Second, I examined how to support users in querying for event sequences when they are uncertain about what they are looking for. To support this task, I developed similarity measures (the M&M measure 1-2) and user interfaces (Similan 1-2) for querying event sequences based on similarity, allowing users to search for event sequences that are similar to the query. After that, I ran a controlled experiment comparing exact match and similarity search interfaces, and learned the advantages and disadvantages of both interfaces. These lessons learned inspired me to develop Flexible Temporal Search (FTS) that combines the benefits of both interfaces. FTS gives confident and countable results, and also ranks results by similarity.
I continued to work with domain experts as partners, getting them involved in the iterative design, and constantly using their feedback to guide my research directions. As the research progressed, several short-term user studies were conducted to evaluate particular features of the user interfaces. Both quantitative and qualitative results were reported. To address the limitations of short-term evaluations, I included several multi-dimensional in-depth long-term case studies with domain experts in various fields to evaluate deeper benefits, validate generalizability of the ideas, and demonstrate practicability of this research in non-laboratory environments.
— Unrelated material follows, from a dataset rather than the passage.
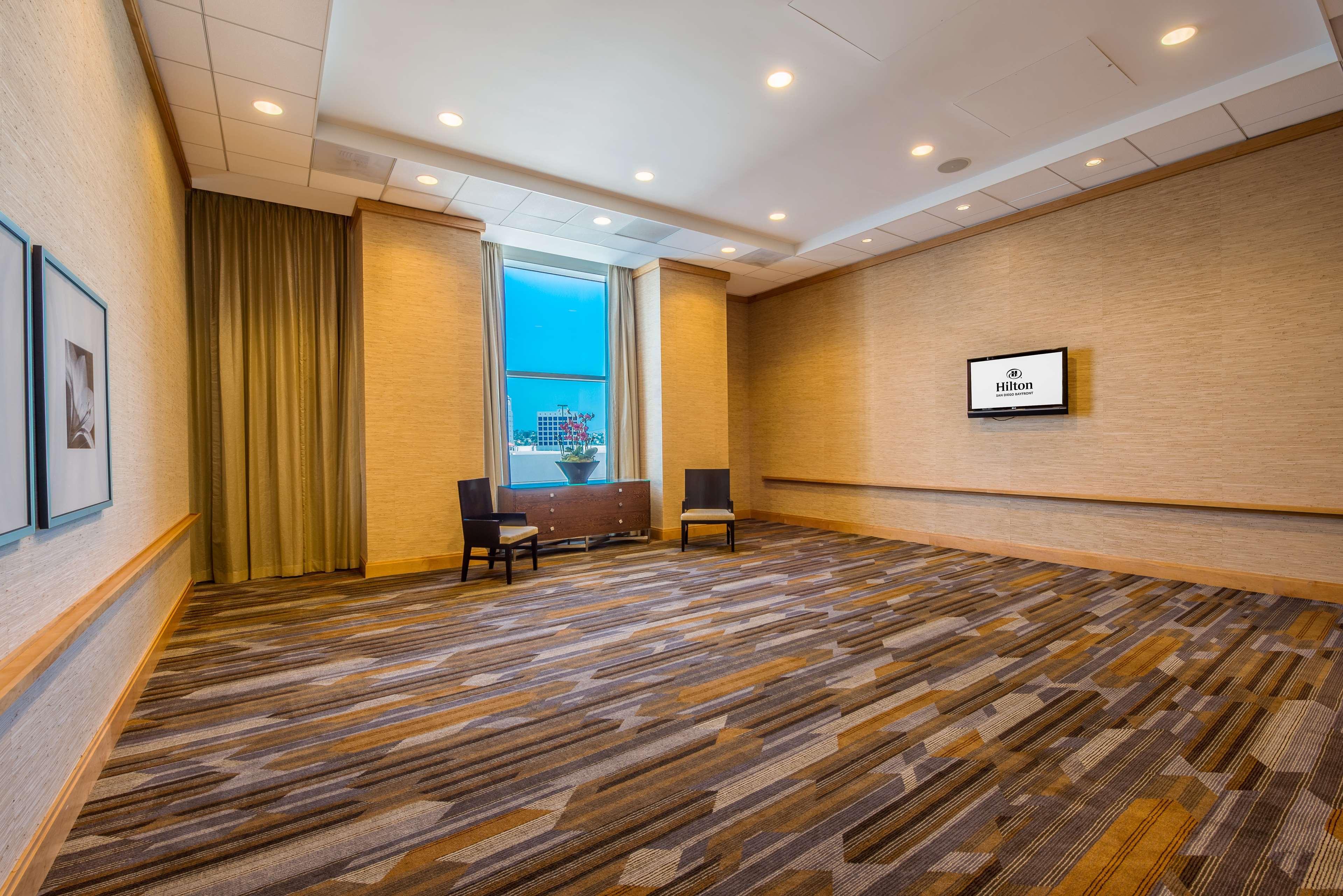 Hilton San Diego Bayfront Exterior photo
The experience from these long-term studies was combined into a process model and a set of design guidelines for temporal event sequence exploration.
My contributions from this research are LifeFlow, a visualization that compactly displays summaries of multiple event sequences, along with interaction techniques for users' explorations; similarity measures (the M&M measure 1-2) and similarity search interfaces (Similan 1-2) for querying event sequences; Flexible Temporal Search (FTS), a hybrid query approach that combines the benefits of exact match and similarity search; and case study evaluations that results in a process model and a set of design guidelines for temporal event sequence exploration. Finally, this research has revealed new directions for exploring event sequences.